• To do:
Using the listing below, retype exactly the lines starting at the one with "Single bed, pine wood/mdf, white, 90x190 cm" and ending at the one with "NC license plate AFQ2229", and include both.

# # # #

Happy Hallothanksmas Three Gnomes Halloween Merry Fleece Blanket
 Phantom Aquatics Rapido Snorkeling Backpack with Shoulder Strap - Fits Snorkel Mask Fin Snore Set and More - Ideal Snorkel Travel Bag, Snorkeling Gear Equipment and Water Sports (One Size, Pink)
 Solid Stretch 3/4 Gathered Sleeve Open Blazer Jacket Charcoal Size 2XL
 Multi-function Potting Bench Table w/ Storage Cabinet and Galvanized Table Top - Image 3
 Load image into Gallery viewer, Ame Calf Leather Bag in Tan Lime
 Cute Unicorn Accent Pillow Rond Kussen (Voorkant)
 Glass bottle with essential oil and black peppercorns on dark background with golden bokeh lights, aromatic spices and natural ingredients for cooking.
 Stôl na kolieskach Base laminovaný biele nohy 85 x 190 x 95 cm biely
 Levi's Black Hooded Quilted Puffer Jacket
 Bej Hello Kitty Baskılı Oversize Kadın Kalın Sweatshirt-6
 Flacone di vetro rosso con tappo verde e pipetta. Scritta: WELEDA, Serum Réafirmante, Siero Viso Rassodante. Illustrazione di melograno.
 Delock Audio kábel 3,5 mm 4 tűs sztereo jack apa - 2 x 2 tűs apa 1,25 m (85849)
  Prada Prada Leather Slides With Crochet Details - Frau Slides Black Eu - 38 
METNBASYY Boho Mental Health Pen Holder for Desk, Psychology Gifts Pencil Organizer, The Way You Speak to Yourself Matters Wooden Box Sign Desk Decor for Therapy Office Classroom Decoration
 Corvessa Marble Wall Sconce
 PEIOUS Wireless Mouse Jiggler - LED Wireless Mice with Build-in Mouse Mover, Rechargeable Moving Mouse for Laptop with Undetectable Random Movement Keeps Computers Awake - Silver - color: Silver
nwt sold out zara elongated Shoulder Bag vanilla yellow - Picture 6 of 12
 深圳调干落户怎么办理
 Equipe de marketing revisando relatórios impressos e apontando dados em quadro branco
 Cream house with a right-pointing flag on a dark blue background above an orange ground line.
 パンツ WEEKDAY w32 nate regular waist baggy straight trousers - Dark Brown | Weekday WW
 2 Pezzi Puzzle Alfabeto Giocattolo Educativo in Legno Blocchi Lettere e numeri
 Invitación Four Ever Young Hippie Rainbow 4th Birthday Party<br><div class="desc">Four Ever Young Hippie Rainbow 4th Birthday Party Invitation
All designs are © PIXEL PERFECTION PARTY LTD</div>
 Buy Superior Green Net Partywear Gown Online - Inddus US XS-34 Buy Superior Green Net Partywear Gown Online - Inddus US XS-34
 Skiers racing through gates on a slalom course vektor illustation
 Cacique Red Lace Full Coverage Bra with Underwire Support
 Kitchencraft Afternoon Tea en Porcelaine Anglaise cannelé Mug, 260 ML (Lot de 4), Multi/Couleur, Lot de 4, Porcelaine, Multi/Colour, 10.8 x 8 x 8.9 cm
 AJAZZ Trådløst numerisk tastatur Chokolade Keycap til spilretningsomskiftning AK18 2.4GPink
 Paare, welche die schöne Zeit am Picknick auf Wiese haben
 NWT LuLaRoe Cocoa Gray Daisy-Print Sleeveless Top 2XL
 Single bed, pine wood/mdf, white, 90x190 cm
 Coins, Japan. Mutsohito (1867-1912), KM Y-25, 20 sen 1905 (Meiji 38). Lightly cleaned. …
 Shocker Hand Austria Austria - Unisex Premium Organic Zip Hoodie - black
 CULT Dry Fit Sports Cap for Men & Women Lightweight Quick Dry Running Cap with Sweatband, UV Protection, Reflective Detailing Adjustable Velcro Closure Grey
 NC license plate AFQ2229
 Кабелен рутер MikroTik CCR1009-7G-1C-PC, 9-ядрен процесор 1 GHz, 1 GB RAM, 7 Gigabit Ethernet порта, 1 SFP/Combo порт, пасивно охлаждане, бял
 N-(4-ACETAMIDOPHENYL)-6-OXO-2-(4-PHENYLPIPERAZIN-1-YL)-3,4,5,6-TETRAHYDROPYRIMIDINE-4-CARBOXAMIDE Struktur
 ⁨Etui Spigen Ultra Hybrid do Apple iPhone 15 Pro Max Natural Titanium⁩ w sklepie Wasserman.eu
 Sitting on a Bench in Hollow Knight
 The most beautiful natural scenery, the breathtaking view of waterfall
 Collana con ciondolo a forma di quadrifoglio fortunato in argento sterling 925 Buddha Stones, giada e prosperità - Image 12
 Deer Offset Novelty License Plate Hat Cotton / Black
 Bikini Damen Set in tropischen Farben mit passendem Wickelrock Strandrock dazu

# # # #

• Exercise output:
 Single bed, pine wood/mdf, white, 90x190 cm
 Coins, Japan. Mutsohito (1867-1912), KM Y-25, 20 sen 1905 (Meiji 38). Lightly cleaned. …
 Shocker Hand Austria Austria - Unisex Premium Organic Zip Hoodie - black
 CULT Dry Fit Sports Cap for Men & Women Lightweight Quick Dry Running Cap with Sweatband, UV Protection, Reflective Detailing Adjustable Velcro Closure Grey
 NC license plate AFQ2229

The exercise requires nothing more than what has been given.